La réalisatrice, s’est documentée sur la question à travers le livre « Marginales en terre d’Islam » de Dalenda Larguèche historienne tunisienne spécialiste d’époque moderne et des questions féminines . De même, elle a pu obtenir les témoignages d’une femme qui a passé six mois dans cette institution. Cette dernière lui a fourni les détails et les informations nécessaires sur le vécu des «prisonnières de cette institution».
Quatre femmes et un seul parcours
Pour mettre en valeur la souffrance des femmes, le scénario met en exergue les raisons pour lesquelles quatre femmes ont été envoyées à Dar Joued. Chaque personnage est un univers problématique. Bahja (interprétée par Wajiha Jendoubi), femme qui n’accepte pas la trahison conjugale de son mari avec sa propre sœur (Amira Derouiche) et décide de se séparer de lui. Devant le juge, son mari (Khaled Houissa) obtient gain de cause et on l’envoie à Dar Joued pour une période indéterminée, suite à la décision du tribunal charaïque.

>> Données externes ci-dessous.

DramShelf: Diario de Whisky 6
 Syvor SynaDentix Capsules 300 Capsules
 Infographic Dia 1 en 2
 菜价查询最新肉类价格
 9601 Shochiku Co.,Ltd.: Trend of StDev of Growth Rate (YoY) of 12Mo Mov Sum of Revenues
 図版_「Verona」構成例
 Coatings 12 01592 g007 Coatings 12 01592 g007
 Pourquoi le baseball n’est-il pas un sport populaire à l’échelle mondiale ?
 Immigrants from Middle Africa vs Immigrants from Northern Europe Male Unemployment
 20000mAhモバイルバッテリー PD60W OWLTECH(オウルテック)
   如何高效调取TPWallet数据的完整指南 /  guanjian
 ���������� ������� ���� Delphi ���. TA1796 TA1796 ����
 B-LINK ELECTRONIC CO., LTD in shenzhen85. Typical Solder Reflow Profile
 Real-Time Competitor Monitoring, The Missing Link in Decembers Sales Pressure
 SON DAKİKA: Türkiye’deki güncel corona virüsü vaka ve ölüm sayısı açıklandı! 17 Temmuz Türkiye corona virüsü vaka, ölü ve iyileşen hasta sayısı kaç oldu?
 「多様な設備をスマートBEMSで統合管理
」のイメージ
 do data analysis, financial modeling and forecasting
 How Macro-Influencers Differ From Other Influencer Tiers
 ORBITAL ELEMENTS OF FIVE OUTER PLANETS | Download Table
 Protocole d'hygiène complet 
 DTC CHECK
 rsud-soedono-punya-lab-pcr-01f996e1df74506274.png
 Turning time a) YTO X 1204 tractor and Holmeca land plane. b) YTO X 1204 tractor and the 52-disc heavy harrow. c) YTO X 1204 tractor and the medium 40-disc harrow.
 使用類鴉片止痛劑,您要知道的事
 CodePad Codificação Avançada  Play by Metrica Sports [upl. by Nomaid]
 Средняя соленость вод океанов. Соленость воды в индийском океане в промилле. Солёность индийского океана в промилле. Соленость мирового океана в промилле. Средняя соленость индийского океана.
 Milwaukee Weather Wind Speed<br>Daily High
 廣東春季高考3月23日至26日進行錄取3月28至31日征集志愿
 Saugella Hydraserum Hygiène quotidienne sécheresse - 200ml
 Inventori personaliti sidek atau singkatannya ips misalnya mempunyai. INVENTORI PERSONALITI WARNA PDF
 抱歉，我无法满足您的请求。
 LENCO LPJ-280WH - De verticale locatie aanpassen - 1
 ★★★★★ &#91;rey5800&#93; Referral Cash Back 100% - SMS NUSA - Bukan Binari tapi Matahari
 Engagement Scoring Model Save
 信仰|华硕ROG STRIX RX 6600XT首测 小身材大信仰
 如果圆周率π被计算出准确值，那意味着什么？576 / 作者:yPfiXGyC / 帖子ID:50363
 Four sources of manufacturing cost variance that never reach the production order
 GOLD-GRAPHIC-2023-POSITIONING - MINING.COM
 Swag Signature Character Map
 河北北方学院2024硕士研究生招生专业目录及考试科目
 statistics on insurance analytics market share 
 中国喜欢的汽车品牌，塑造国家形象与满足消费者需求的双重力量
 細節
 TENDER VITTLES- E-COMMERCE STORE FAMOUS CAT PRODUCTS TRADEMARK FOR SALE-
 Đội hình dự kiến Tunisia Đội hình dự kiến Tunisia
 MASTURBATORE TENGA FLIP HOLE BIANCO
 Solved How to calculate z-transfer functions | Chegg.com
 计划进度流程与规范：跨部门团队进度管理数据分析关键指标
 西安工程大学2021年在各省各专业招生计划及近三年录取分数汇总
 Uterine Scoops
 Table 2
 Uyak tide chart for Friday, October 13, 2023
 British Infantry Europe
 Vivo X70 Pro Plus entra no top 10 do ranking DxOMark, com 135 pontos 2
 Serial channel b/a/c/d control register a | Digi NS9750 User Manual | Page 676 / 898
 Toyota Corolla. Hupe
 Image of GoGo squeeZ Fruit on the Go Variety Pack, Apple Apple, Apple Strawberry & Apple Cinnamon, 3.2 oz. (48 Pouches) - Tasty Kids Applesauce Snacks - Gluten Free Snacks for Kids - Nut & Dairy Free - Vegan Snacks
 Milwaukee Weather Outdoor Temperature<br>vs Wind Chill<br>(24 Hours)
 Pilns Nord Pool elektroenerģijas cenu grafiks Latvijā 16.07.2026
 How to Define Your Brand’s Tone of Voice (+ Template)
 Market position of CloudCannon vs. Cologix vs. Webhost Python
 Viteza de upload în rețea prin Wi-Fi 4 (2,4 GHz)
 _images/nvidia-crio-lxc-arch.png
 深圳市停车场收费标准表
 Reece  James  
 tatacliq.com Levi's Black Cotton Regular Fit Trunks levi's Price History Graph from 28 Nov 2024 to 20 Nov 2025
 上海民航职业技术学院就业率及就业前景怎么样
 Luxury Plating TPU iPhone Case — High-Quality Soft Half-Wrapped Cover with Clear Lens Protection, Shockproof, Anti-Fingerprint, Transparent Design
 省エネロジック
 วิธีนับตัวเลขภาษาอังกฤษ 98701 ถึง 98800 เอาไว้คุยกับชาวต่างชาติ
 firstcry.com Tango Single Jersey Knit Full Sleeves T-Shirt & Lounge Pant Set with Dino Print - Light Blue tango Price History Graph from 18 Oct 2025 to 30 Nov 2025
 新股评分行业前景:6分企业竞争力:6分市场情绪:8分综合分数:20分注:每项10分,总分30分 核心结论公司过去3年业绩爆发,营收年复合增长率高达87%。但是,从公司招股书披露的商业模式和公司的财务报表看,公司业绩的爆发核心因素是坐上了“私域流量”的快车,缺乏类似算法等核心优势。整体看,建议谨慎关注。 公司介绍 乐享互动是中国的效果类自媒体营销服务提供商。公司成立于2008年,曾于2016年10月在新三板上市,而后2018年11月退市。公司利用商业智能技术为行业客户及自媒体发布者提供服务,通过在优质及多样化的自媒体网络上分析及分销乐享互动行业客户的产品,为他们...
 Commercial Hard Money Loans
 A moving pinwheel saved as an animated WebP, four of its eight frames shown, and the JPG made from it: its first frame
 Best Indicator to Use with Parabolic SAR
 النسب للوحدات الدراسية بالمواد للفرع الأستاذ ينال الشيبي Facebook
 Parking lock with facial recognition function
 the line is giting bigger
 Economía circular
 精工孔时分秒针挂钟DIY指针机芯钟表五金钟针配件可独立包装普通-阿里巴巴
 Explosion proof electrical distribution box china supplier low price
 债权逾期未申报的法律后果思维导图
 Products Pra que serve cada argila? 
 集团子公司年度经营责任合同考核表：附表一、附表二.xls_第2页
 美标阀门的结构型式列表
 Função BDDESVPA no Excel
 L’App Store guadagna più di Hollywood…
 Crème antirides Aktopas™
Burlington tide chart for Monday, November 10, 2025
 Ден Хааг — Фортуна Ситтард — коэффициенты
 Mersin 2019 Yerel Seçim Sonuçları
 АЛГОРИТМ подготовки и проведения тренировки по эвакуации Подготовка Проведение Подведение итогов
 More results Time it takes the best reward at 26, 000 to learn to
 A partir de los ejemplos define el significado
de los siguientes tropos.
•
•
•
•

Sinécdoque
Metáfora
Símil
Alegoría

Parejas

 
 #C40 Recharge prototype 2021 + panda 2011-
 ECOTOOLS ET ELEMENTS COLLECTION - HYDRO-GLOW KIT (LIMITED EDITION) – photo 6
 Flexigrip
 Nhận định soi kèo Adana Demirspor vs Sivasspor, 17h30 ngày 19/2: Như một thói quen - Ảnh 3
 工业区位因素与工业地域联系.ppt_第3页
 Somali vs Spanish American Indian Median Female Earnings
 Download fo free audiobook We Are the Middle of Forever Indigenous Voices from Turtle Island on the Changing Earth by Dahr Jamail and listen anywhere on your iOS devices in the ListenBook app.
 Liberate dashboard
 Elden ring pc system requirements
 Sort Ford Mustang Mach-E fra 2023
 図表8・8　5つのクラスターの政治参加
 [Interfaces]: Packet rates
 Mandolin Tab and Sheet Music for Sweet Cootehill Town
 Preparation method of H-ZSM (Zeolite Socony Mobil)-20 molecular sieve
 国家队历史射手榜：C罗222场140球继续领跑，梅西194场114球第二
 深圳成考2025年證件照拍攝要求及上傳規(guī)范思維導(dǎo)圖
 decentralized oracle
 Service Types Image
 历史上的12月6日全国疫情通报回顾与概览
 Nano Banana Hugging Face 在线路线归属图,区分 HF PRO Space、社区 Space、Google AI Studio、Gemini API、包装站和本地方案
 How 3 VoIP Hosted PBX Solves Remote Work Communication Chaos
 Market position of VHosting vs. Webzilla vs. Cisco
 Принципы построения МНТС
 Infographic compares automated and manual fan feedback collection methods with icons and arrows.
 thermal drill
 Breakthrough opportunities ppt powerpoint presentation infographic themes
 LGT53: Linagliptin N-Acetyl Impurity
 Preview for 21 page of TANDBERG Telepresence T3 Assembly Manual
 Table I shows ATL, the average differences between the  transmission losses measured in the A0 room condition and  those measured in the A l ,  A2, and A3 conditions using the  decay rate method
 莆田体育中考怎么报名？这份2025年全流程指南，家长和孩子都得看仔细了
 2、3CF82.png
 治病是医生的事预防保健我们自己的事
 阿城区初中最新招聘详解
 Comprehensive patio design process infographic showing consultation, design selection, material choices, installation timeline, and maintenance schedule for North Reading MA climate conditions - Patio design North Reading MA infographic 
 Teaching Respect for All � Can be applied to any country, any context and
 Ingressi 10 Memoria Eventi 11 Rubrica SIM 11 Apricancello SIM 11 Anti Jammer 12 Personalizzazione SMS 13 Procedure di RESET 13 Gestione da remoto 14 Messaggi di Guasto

Leila (Souhir Amara), ce personnage est l’incarnation de l’insatisfaction charnelle et affective à la fois. Belle et désirable, elle est l’épouse d’un vieux impuissant (interprété par Taoufik Ayeb). Accusé par son mari d’avoir un amant (interprété par Mohamed Ali Ben Jomâa), elle n’arrive pas à se défendre devant le juge. Pis encore, elle n’arrive pas à lui dire la cause de son problème. Leila, après avoir passé des jours à Dar Joued, se suicide dans une scène émouvante. Hassina (Selma Mahjoub), élève, romantique et éprise de lecture, se trouve à Dar Joued suite à la demande de son oncle au juge qui voulait mettre fin à sa relation amoureuse avec Othman (Bilel Béji), jeune militant contre le colonisateur. Amel (Najoua Zouheir), à cause de la mésentente avec sa belle mère, se retrouve à Dar Joued plusieurs fois, essentiellement parce que son mari ne parvient pas à trouver une solution pour arranger les choses.
Mais même dans le malheur, les victimes ne sont pas égales! Si Hassina bénéficie d’une chambre individuelle et une bonne nourriture à cause du soutien de son oncle à l’institution, si Bahja a pu voir ses enfants à certaines occasions, il n’en est pas de même pour les autres femmes. Ainsi force est de constater que même cet espace de pénitence est marqué par les inégalités sociales, entre les victimes, ce qui mène à dire que les résidentes de l’institution sont à l’image de la classe de la société tunisienne de l’époque.
Libération de la patrie veut dire aussi libération des femmes
Le calvaire des victimes arrive à son terme par le retour de Habib Bourguiba, le 1er juin 1955, et l’obtention de l’accord sur l’autonomie interne de la Tunisie, puis la promulgation du Code du statut personnel. Il est présenté comme le sauveur de la femme tunisienne, dans le film. Ainsi Bourguiba, n’est pas seulement le libérateur du pays, mais il est aussi le libérateur des femmes et des héroïnes dans le films.
Ainsi, El Jaïda traite de deux genres de colonisation : la colonisation de la Tunisie par la France et la soumission des femmes devant une société patriarcale. La soumission des femmes n’est-elle pas un frein qui entrave l’évolution de la société? La réalisatrice semble s’interroger à travers ce film. Bien que le film évoque, en quelque sorte l’idée du féminisme, il n’évoque même pas- et ne fait aucune allusion- à Taher Haddad, le féministe avant l’heure et le réformateur, auteur de Notre femme dans la législation islamique et la société publié en 1930, surtout qu’il a inspiré Bourguiba.